Crawled caption data
┌──

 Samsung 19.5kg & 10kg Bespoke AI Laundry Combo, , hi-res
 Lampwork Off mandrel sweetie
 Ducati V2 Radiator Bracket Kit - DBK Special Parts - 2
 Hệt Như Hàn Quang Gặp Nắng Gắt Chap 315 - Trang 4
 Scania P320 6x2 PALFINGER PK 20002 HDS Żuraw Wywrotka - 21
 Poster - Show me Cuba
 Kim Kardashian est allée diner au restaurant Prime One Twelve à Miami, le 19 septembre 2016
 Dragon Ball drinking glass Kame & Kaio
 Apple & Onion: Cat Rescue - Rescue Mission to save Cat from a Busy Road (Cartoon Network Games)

└──
┌──

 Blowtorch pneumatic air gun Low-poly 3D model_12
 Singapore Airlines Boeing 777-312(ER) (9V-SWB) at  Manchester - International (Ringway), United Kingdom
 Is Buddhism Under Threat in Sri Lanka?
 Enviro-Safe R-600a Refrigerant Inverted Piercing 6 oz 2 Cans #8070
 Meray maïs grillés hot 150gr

└──

* [Task]: Within the data above, the lines from the one with "Hệt Như Hàn" to the one with "Apple & Onion: Cat" must be repeated exactly; no other line belongs in the answer.

* [Answer to the exercise]:
 Hệt Như Hàn Quang Gặp Nắng Gắt Chap 315 - Trang 4
 Scania P320 6x2 PALFINGER PK 20002 HDS Żuraw Wywrotka - 21
 Poster - Show me Cuba
 Kim Kardashian est allée diner au restaurant Prime One Twelve à Miami, le 19 septembre 2016
 Dragon Ball drinking glass Kame & Kaio
 Apple & Onion: Cat Rescue - Rescue Mission to save Cat from a Busy Road (Cartoon Network Games)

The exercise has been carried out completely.